Saved entries:
----
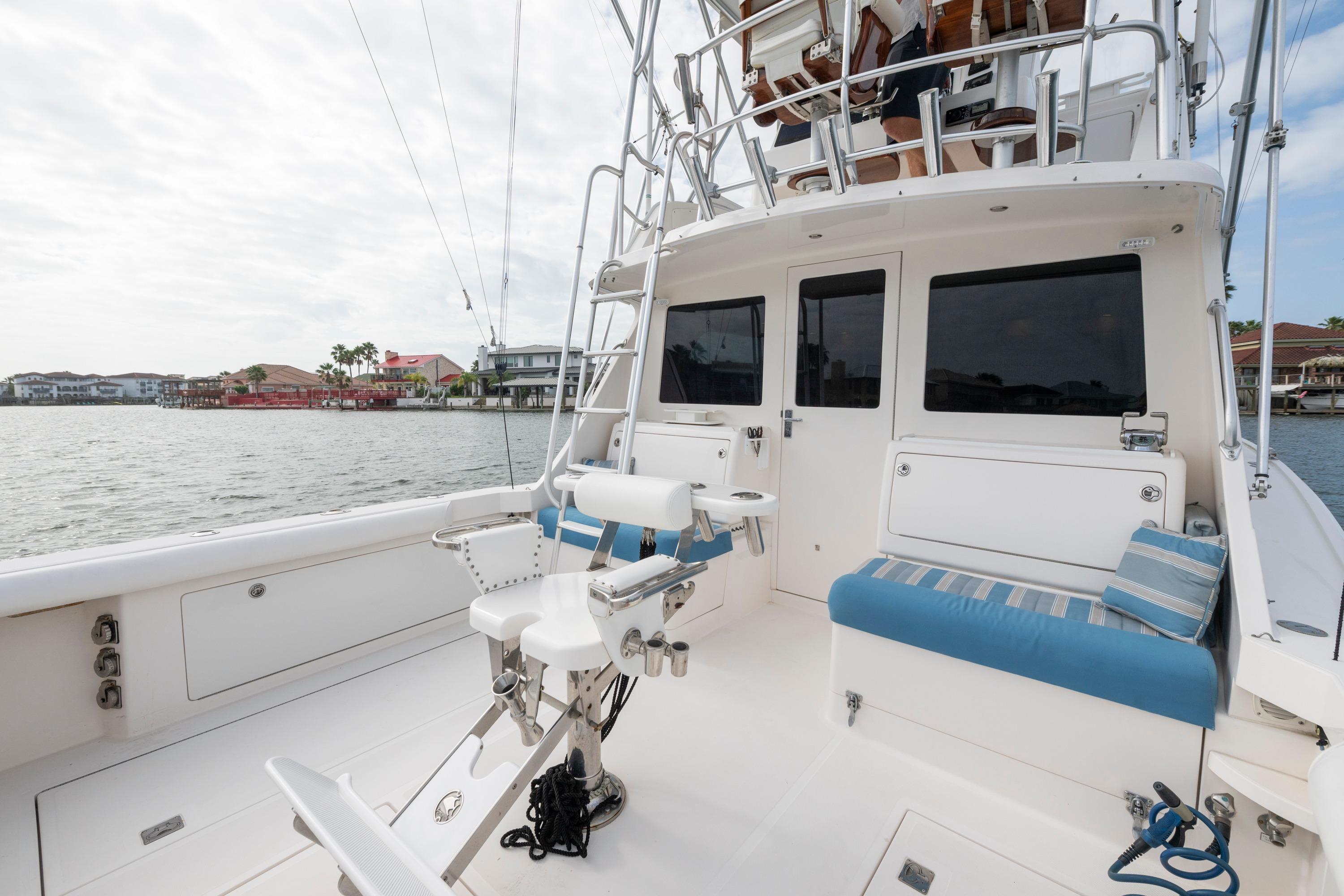 2005 Cabo 35 Flybridge boat deck with seating and fishing chair, overlooking waterfront homes.
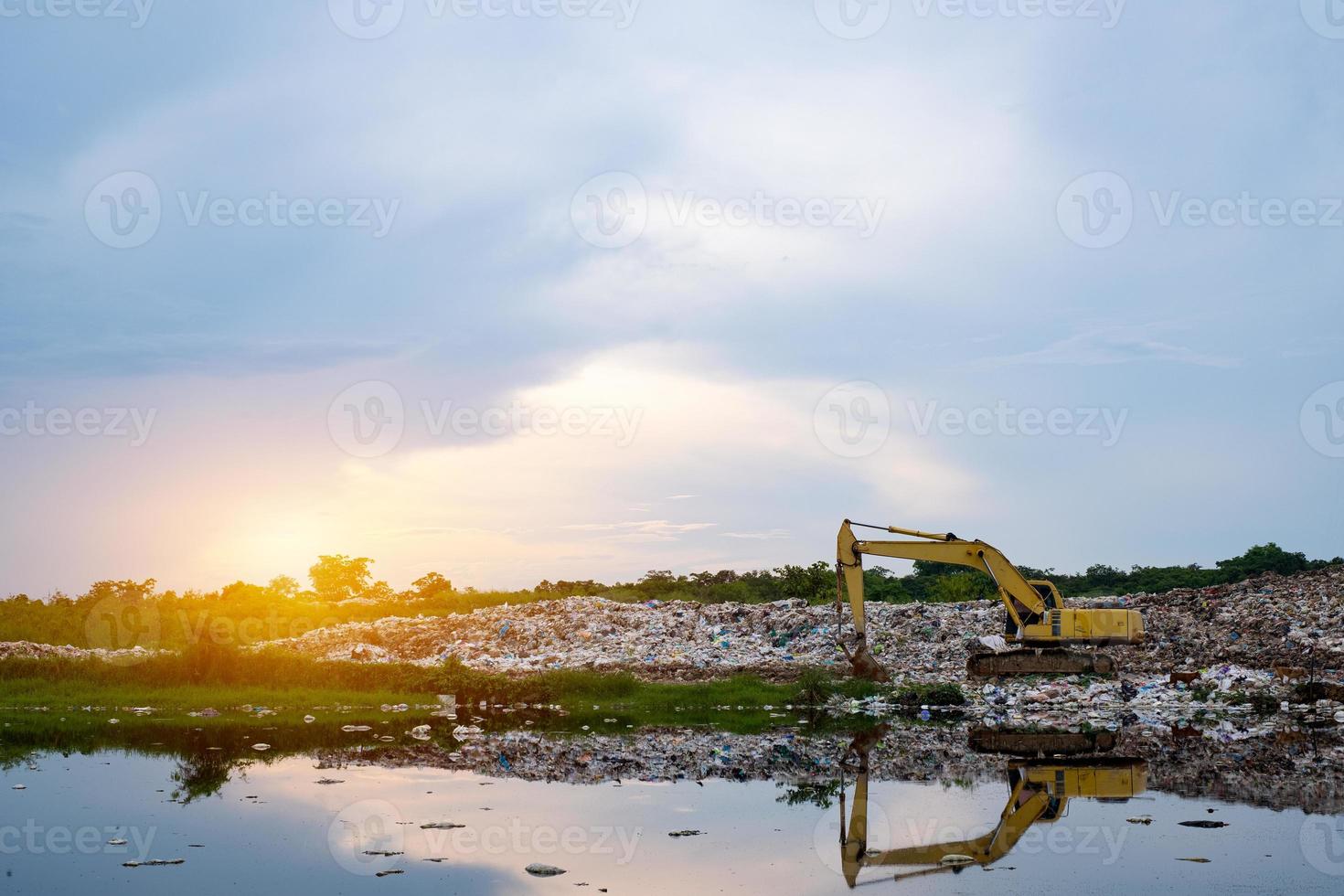 en gul traktorgrävare lyfter sopor vid avfallsavskiljningsanläggningen foto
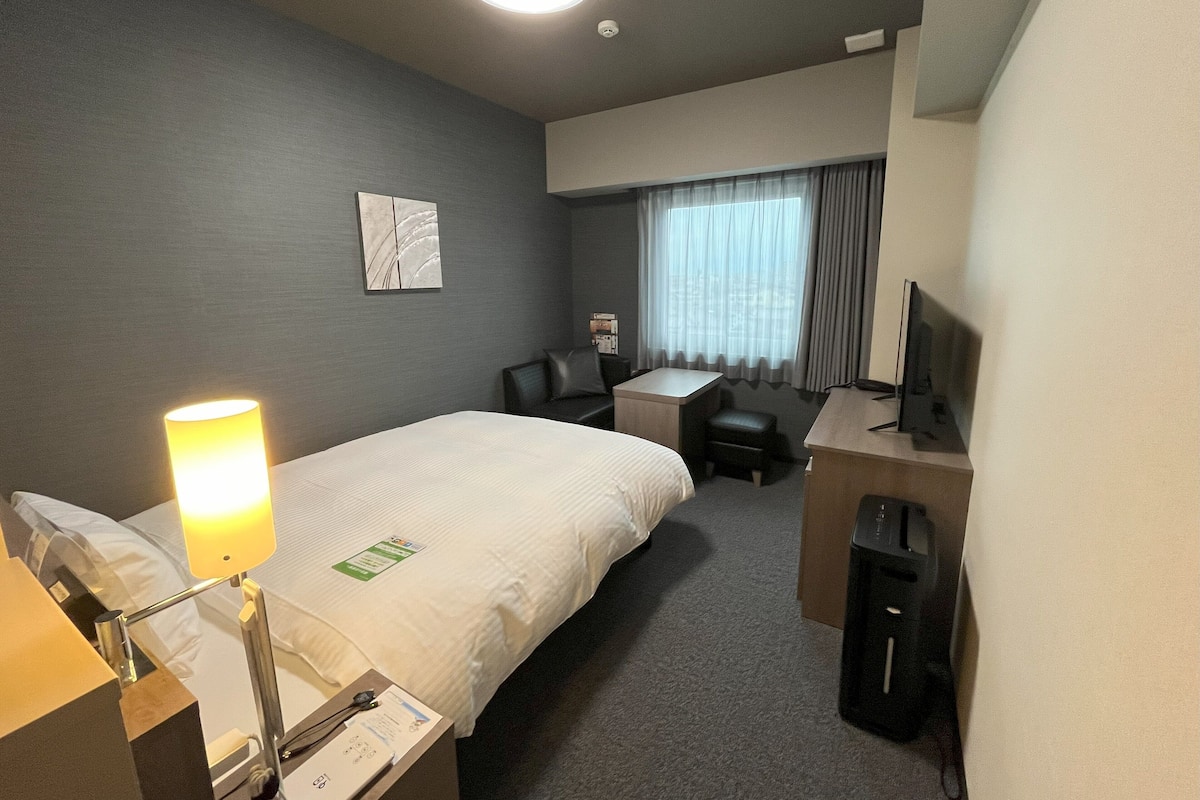 Una habitación de hotel con cama, escritorio, silla, lámpara, televisor y ventana con cortinas.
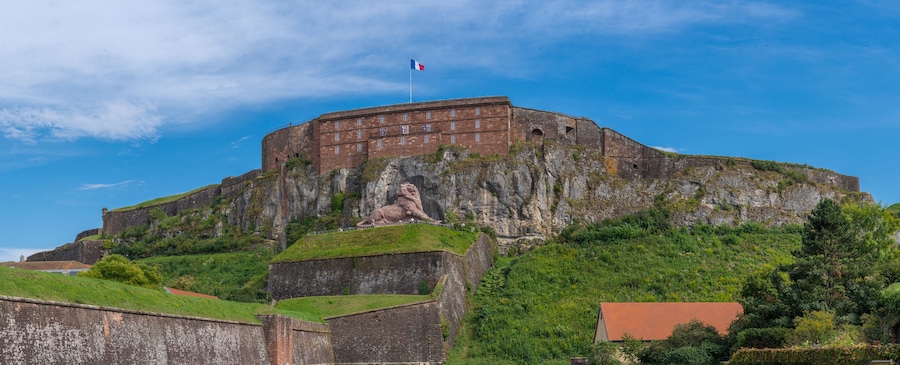 A historic fort with a lion statue, surrounded by lush greenery and a clear blue sky.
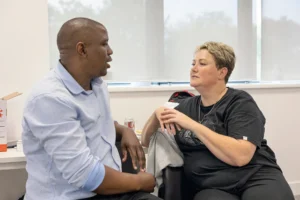 Two people engaged in a focused conversation while seated across from each other in an office or clinic setting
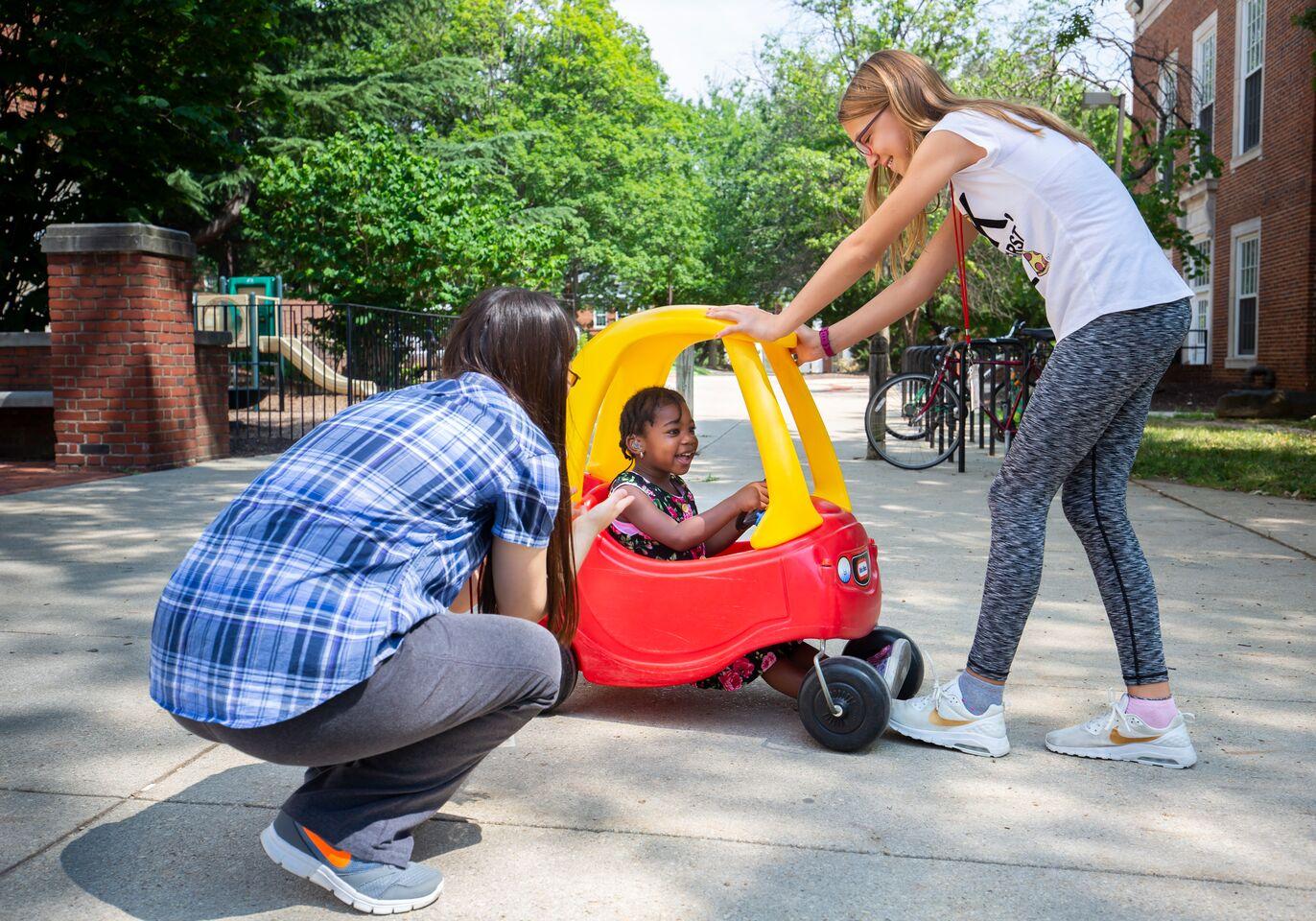 UMD students in speech-language pathology and audiology playing with a child in a toy car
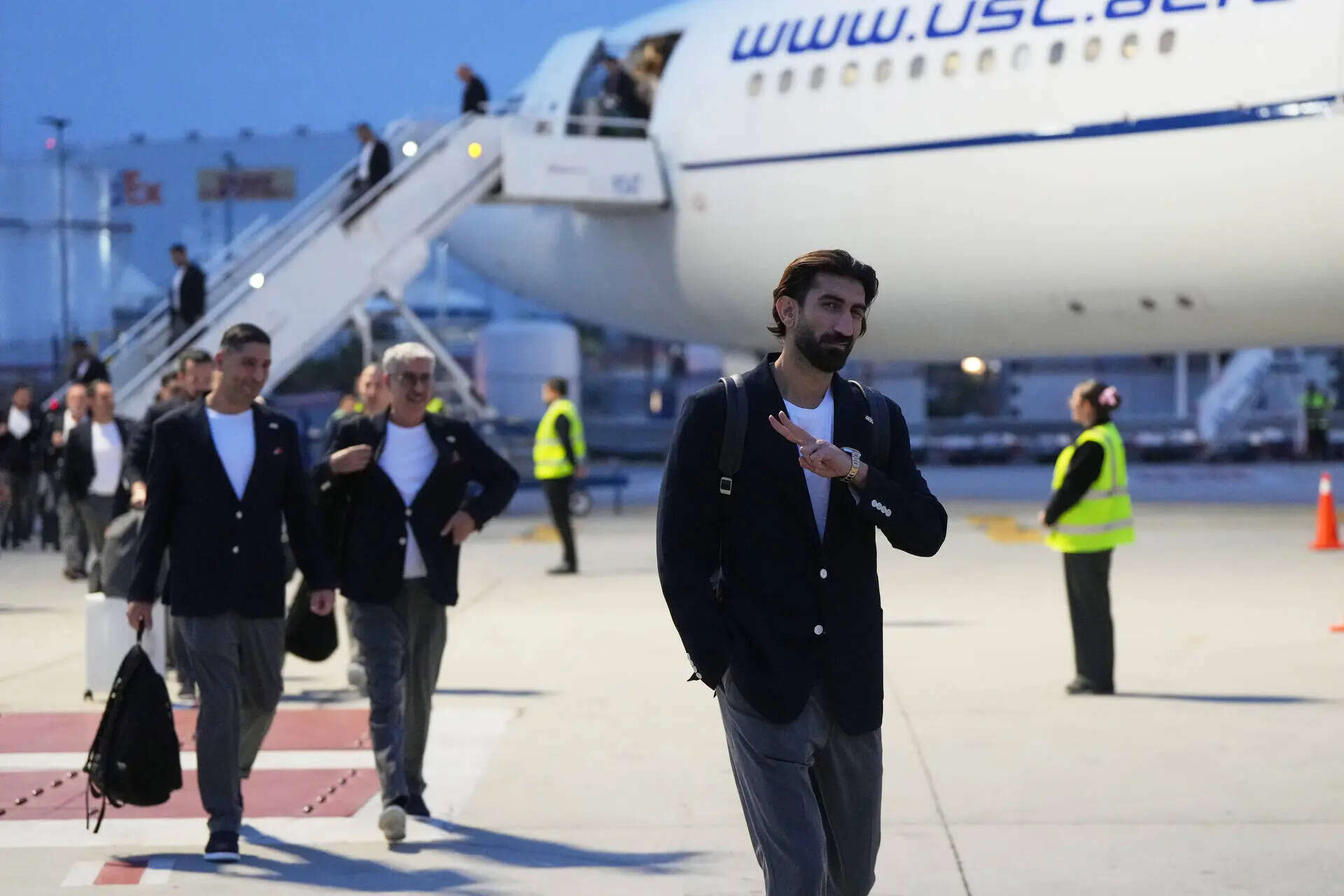 Iran goalkeeper Alireza Beiranvand gestures as he arrives with his teammates for the World Cup soccer tournament in Tijuana, Mexico, Sunday, June 7, 2026. (AP Photo/Gregory Bull) Iran WCup Soccer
----
### [WORK INSTRUCTIONS]
Leave out the images and copy every record above exactly.

### [WRITTEN SOLUTION]
 2005 Cabo 35 Flybridge boat deck with seating and fishing chair, overlooking waterfront homes.
 en gul traktorgrävare lyfter sopor vid avfallsavskiljningsanläggningen foto
 Una habitación de hotel con cama, escritorio, silla, lámpara, televisor y ventana con cortinas.
 A historic fort with a lion statue, surrounded by lush greenery and a clear blue sky.
 Two people engaged in a focused conversation while seated across from each other in an office or clinic setting
 UMD students in speech-language pathology and audiology playing with a child in a toy car
 Iran goalkeeper Alireza Beiranvand gestures as he arrives with his teammates for the World Cup soccer tournament in Tijuana, Mexico, Sunday, June 7, 2026. (AP Photo/Gregory Bull) Iran WCup Soccer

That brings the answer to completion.